Le ressentiment envers le langage verbal et non verbal, le déclin de la proxémie (relation spatiale entre les personnes en tant que manifestation sociale et signifiante) et le manque de compétences de rédaction sont des symptômes typiques et courants chez les personnes qui, paradoxalement, à cause de leur addiction aux réseaux sociaux, ont négligé leurs compétences communicatives.

2021 : solitude, tristesse et pandémie

Selon les experts, 2021 sera fait de solitude et de tristesse (renforcée par les effets du confinement) ainsi que de l’essor de la génération Z. Geert Lovink, professeur et chercheur sur les médias interactifs de l’École Supérieure de l’Université d’Amsterdam, la tristesse est la variable la plus puissante liée à l’individualisme des réseaux sociaux. Dans son livre « Sad by Design », il avance que « la tristesse est maintenant un problème de design » et que « les hauts et les bas de la mélancolie sont codifiés au sein des plateformes de réseaux sociaux de sorte qu’après avoir fait clic, après avoir navigué et mis un « like », tout ce qu’il nous reste c’est le résultat évident de vide consécutif au temps perdu sur l’application ».

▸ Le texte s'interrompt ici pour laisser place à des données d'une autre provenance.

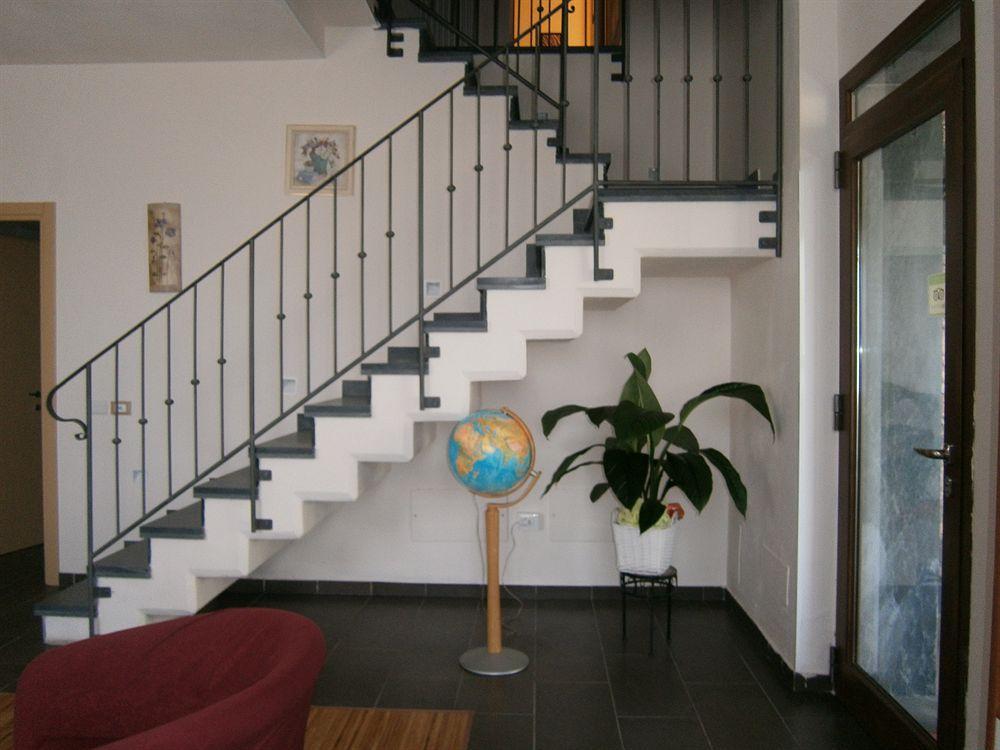 Arianna Hill House Bed & Breakfast ลาสเปเซีย ภายนอก รูปภาพ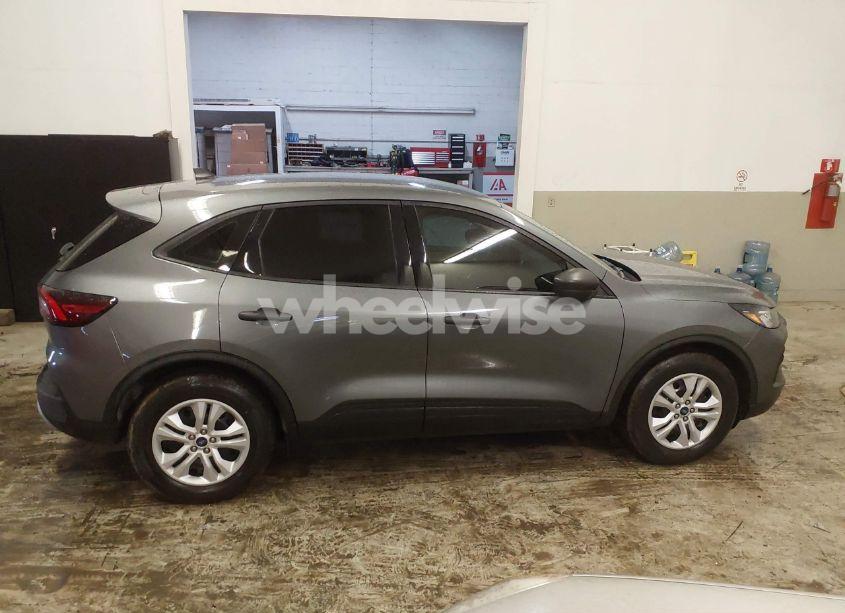 Photo 14 of 2023 Ford Escape (VIN 1FMCU0FN5PUA46331)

Dans son livre, l’auteur analyse les controverses récentes autour des réseaux sociaux, des fausses nouvelles, des memes viraux et toxiques et l’addiction en ligne à l’essor des selfies. « Le selfie apparaît comme un cri de sociabilisation. Je publie une photo de moi pour interagir avec mon entourage, mais la seule chose certaine, c’est qu’il s’agit d’un acte narcissique et individualiste », ajoute Espuny.

Génération Z

Les regards sont également tournés vers la génération Z, la nouvelle génération qui rentrera sur le marché du travail dans quelques années. Selon le dernier rapport de Bank Of America, la génération Z préfère les villes à la campagne car celles-ci ont une connexion internet. Cette génération ressent le besoin constant et la pression d’être perpétuellement connectée. Ses membres ont un compte sur au moins trois réseaux sociaux et 40% d’entre eux préfèrent interagir avec leurs amis davantage de manière virtuelle qu’en personne.

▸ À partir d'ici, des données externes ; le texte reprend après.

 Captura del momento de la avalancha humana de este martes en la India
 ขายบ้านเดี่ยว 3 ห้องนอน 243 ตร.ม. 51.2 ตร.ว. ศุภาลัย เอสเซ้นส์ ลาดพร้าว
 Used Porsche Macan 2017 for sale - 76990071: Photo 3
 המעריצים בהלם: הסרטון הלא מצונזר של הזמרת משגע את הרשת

Pour cette génération, cela n’a aucun sens de vivre des expériences sans les « partager » sur les réseaux sociaux. Cela crée une addiction à la technologie, une anxiété technologique et une fatigue technologique. Être dépendant de la réalité virtuelle de manière continue peut être plus fatigant et exigeant que lorsqu’il s’agit du monde extérieur.

Avec la voie numérique que prend le monde, les risques de tomber dans l’hyperconnectivité vont-ils augmenter et ainsi faire en sorte que l’on s’éloigne des relations personnelles et sociales, nécessaires au développement personnel ?

« Cette hyperconnectivité doit nous amener à réfléchir. Je ne crois pas que la solution soit de se séparer et de diaboliser la technologie, puisque son utilisation est bénéfique pour les êtres humains. Il faut plutôt opter pour une consommation plus responsable et moins invasive dans nos vies. À l’avenir, nous rechercherons de plus en plus la déconnexion numérique, les jeûnes technologiques et la désintoxication numérique », avance le psychologue Celestino González Fernández.

« Ainsi, le concept d’hyperconnectivité n’est pas forcément ce que l’industrie numérique a vendu à travers ce que beaucoup appellent le capitalisme de plate-forme, car éloigné du collectivisme, on tend chaque jour à plus d’individualisme, d’isolement et d’excès d’attention que demande le monde virtuel », conclut Juan Diego Godoy.